Sri Lanka policy rates unchanged amid strong credit

COLOMBO, Nov 18, 2014 (EconomyNext) – Sri Lanka kept policy rates unchanged amid strong pick up in bank credit growth and low inflation, the island’s central bank said.

In September bank credit to private business had risen by 52.3 billion rupees on the back of a 47.7 billion rupees in August.

"The quarterly survey of commercial banks’ loans and advances to the private sector reflected substantial credit flows to the Industry and the Services sectors in the first three quarters of the year," the Central Bank said in its November monetary policy statement.

The contraction in pawning or gold back lending which came in the wake of falling gold prices has also slowed, the monetary authority said.
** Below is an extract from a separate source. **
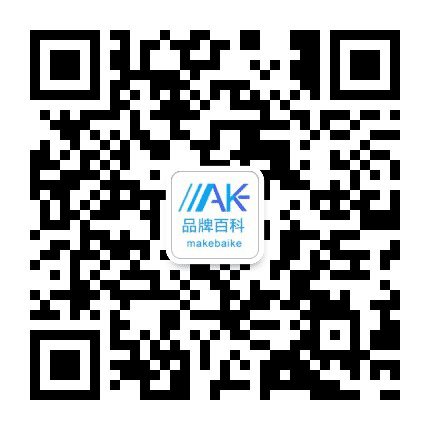 品牌百科新媒公众号二维码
Inflation only rose 1.6 percent in the 12 months to October 2014. Cuts in energy prices and low commodity prices globally will help keep inflation in check.

Global commodity prices as well as gold have fallen as the US Federal Reserve ends it deadly money printing activities amid weak credit.

The Central Bank said it was keeping its policy rate to withdraw liquidity from the banking system at 6.5 percent 6.00 percent and the rate at which new money is injected at 8.00 percent.

Sri Lanka’s interest rates including Treasuries yield, fixed deposit rates are now at a record low raising fears of mal-investments and a asset price bubbles.

Analysts say stronger credit growth will also start putting downward pressure on the currency and end the ability of the Central Bank to collect more foreign reserves.